ABOUT THIS TASK
Please repeat only the lines below starting at the line that holds "Cozy little chalet in a perfect location!" and ending at the line that holds "2022 Hyundai Tucson", exactly, with both of those lines included and every picture omitted.

DATA FOR THIS EXERCISE
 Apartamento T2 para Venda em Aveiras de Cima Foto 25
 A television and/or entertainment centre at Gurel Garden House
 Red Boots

==

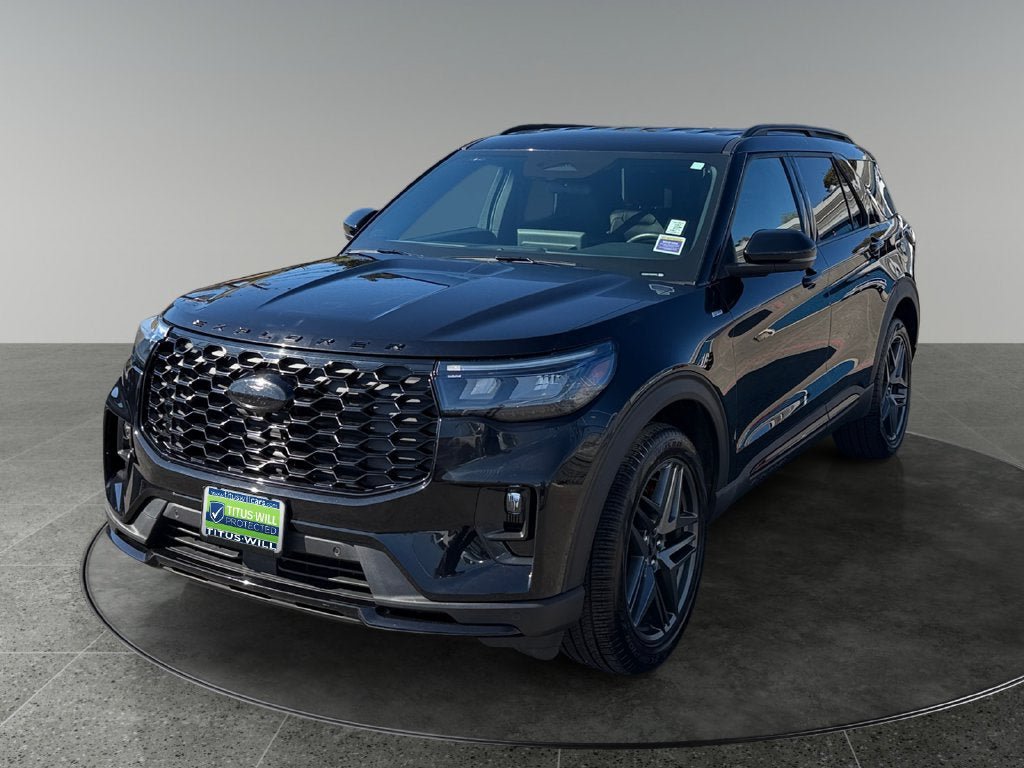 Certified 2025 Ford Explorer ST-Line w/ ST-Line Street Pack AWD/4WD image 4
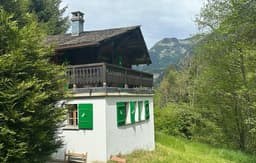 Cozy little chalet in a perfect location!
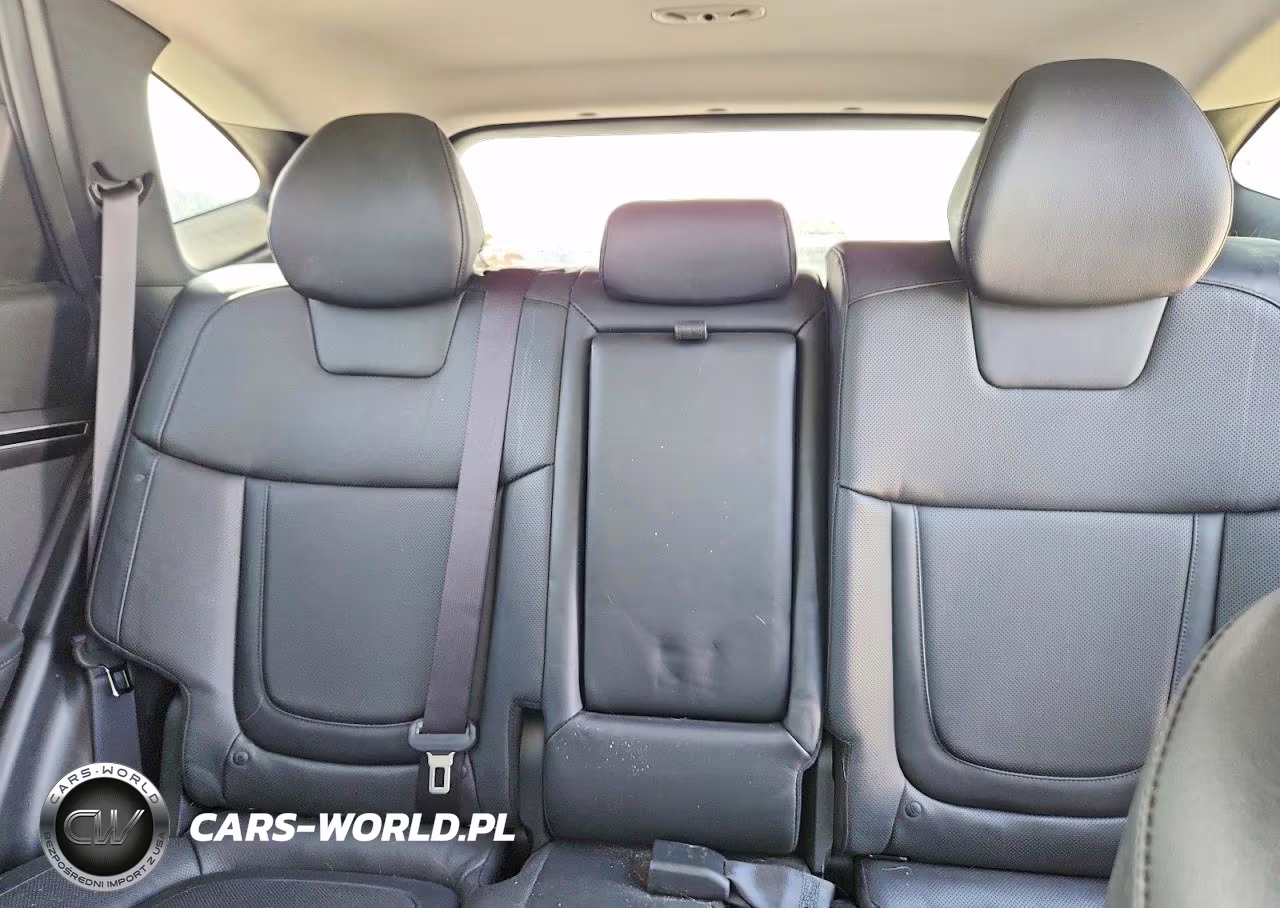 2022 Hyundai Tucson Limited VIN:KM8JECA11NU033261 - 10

SOLUTION BELOW
 Cozy little chalet in a perfect location!
 2022 Hyundai Tucson Limited VIN:KM8JECA11NU033261 - 10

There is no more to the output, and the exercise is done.